Check each line of the entries below for the word "made", and copy the lines that have it.

■ **MATERIALS PROVIDED**:
--*--
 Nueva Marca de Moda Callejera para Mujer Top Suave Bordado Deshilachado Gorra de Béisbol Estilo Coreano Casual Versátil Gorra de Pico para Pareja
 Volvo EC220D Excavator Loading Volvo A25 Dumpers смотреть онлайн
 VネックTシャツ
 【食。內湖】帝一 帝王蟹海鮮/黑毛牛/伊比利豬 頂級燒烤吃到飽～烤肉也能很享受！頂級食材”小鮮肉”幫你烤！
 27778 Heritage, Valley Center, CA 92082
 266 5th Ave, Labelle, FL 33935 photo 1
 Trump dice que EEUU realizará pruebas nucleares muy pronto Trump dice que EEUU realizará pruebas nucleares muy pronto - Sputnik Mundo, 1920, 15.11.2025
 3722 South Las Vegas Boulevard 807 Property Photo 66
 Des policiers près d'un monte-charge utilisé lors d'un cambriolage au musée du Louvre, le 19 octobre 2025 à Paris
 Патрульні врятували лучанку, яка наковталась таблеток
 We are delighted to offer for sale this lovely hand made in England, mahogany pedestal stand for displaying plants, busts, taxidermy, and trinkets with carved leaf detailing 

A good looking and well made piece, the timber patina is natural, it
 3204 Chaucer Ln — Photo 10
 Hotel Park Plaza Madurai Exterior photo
--*--
■ **REPLY**:
 We are delighted to offer for sale this lovely hand made in England, mahogany pedestal stand for displaying plants, busts, taxidermy, and trinkets with carved leaf detailing 
A good looking and well made piece, the timber patina is natural, it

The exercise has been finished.